Remote: `origin` -> `github.com/Lightricks/dwh-data-model-transforms.git`
Default branch: `develop`

**All file reads, searches, and explorations must target this directory**, regardless of which repo this skill is invoked from. Use absolute paths (e.g., `~/dwh-data-model-transforms/models/`) or set working directory before running commands.

## When to Use

- User wants to analyze a feature, domain, or event category
- User needs a reference document for an agent or analyst
- User says "pull all events for X", "create a data spec", "document events for Y"
- Starting an analysis that requires understanding which tables, columns, and filters to use


## Output

A markdown file saved to `~/ltx-analytics-agents/docs/{feature}_spec.md`.

**Naming convention:** Use the feature name in snake_case (e.g., `brand_kits_spec.md`, `gen_space_spec.md`, `failed_generations_spec.md`). This filename must match what other agents (e.g., dashboard-builder) use to look up the spec.

## Workflow

### Phase 1: Scope the Topic

Clarify with the user:

1. **What to analyze** -- the feature, domain, or event category (e.g., "failed generations", "brand kit usage", "export events")
2. **Which product** -- LTX Studio, LTX Model, API
3. **Breadth** -- single feature deep-dive or cross-feature overview

If the user's request is broad, propose a focused scope before proceeding.

### Phase 2: Explore the Codebase

Search systematically across all layers in `~/dwh-data-model-transforms`. Use parallel exploration agents for speed.

**Search targets (in priority order):**

All paths below are relative to `~/dwh-data-model-transforms/`.

| Layer | Where to Look | What to Extract |
|-------|--------------|-----------------|
| **Event registry** | `docs/event-registry.yaml` | Canonical event names, key properties, status |
| **Mart models** | `models/**/marts/` | Final columns, filters, action_name/action_category mapping |
| **Intermediate models** | `models/**/intermediate/` | Business logic, joins, derived columns |
| **Base models** | `models/base/` | Raw source columns, process_started/ended pairs |
| **Macros** | `macros/` | Extraction logic, parsing, field derivation |
| **Source definitions** | `models/sources.yml` | Raw event table names |
| **Existing specs** | `docs/*_spec.md` | Related specs to cross-reference |

**Search strategies:**

- Filename search: `Glob` for model names containing the topic keyword
- Content search: `Grep` for column names, event names, action categories
- Semantic search: "How does X work?" scoped to relevant directories
- YAML search: Look at `.yml` files alongside `.sql` for column descriptions and tests

**Read priority:** Always read the SQL model files, not just YMLs. The SQL reveals:
- Actual column derivation logic (CASE statements, COALESCEs, joins)
- Filter conditions that define the event scope
- Macro calls that generate columns
- Incremental predicates and partition fields

### Phase 3: Read Key Models

For each relevant model found in Phase 2, read the full `.sql` file to extract:

1. **TL;DR block** -- model purpose and key features
2. **Config block** -- partition_by, cluster_by, schema, tags
3. **Column definitions** -- all SELECT columns with their derivation logic
4. **Filter conditions** -- WHERE clauses that scope the data
5. **Join logic** -- how tables connect (especially start/end event joins)
6. **Macro calls** -- which macros generate columns (read the macro too)

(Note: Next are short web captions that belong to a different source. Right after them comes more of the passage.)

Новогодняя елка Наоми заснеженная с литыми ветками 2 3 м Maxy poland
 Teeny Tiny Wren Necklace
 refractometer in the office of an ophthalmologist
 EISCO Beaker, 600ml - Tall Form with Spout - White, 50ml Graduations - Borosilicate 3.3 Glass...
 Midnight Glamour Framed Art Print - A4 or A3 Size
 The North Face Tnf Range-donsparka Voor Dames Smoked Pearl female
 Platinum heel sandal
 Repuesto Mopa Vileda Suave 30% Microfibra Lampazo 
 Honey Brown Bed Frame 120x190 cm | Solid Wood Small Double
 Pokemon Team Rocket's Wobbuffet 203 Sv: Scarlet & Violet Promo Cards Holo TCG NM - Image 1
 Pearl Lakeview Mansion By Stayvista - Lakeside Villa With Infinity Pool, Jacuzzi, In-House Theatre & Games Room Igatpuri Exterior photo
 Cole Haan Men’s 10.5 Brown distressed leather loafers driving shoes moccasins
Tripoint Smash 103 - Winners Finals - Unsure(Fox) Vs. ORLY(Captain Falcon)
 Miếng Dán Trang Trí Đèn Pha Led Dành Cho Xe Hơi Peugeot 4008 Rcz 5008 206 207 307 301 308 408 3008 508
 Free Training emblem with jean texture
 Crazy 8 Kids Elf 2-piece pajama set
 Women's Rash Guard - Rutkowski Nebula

Also read the `.yml` file for:
- Column descriptions (especially "In this table:" context)
- Accepted values tests (reveal valid column values)
- Data quality tests (reveal important constraints)

### Phase 4: Compile the Spec Document

Write `~/ltx-analytics-agents/docs/{feature}_spec.md` following the structure in [references/spec-template.md](references/spec-template.md).

**Required sections:**

1. **Title + metadata** -- topic, last updated date
2. **Overview** -- what the spec covers, key definitions
3. **Primary tables** -- fully-qualified BigQuery table names, partition/cluster info
4. **Key columns** -- organized by category (error/result, context, timing, parameters, user)
5. **Filtering patterns** -- ready-to-use WHERE clauses for common scenarios
6. **Sample analysis queries** -- 4-6 BigQuery queries answering likely questions
7. **Model lineage** -- ASCII diagram showing source -> base -> intermediate -> mart flow
8. **Key macros** -- macros involved in column derivation
9. **Important notes** -- gotchas, caveats, edge cases

**Writing guidelines:**

- Use fully-qualified BigQuery table names (`` `project.schema.table` ``)
- Include column types (STRING, BOOLEAN, INT64, TIMESTAMP, FLOAT64)
- Show accepted values inline when known from tests
- Always include `NOT is_lt_team` in example queries
- Use partition column in WHERE for cost efficiency
- Provide both simple filters and full analysis queries

### Phase 5: Validate Completeness

Before finalizing, check:

- [ ] Every column referenced in queries exists in the column tables
- [ ] Filtering patterns cover the main use cases the user described
- [ ] Sample queries are syntactically valid BigQuery SQL
- [ ] Lineage diagram traces from source through to mart
- [ ] Important notes capture non-obvious behavior (nullability, edge cases, timing windows)
- [ ] Table names use correct project/schema from model config blocks

## Existing Specs as Reference

Current data spec documents in the project:

| File | Topic | Good Example Of |
|------|-------|-----------------|
| `docs/gen_space_events_spec.md` | Gen Space activity | Filtering patterns, page_workspace breakdown |
| `docs/brand_kits_events_spec.md` | Brand Kit events | Event-to-column mapping, action_category usage |
| `docs/gen_space_lightbox_actions_spec.md` | Lightbox/asset actions | UI-to-event mapping, cross-feature coverage |
| `docs/ltxstudio_failed_generations_spec.md` | Failed generations | Error analysis, multi-layer column tracking |

Read these for style and depth calibration when creating a new spec.

## Dashboard Handoff

After the spec is complete, if the user also wants a dashboard built, do **NOT** start building charts directly. Route to the **Dashboard Builder** agent (`agents/dashboard-builder/SKILL.md`) starting at **Phase 2 (Plan)**. The completed data spec satisfies Phase 1 (Discover). The dashboard-builder will present a chart plan for user approval before building in Hex.

## Checklist

- [ ] Topic scoped and confirmed with user
- [ ] Codebase explored across all layers (mart -> intermediate -> base -> macro)
- [ ] Key model SQL files read (not just YMLs)
- [ ] Spec document written with all required sections
- [ ] Queries validated for correct table names and syntax
- [ ] File saved to `~/ltx-analytics-agents/docs/{feature}_spec.md`
- [ ] If user wants a dashboard → handed off to dashboard-builder (Phase 2)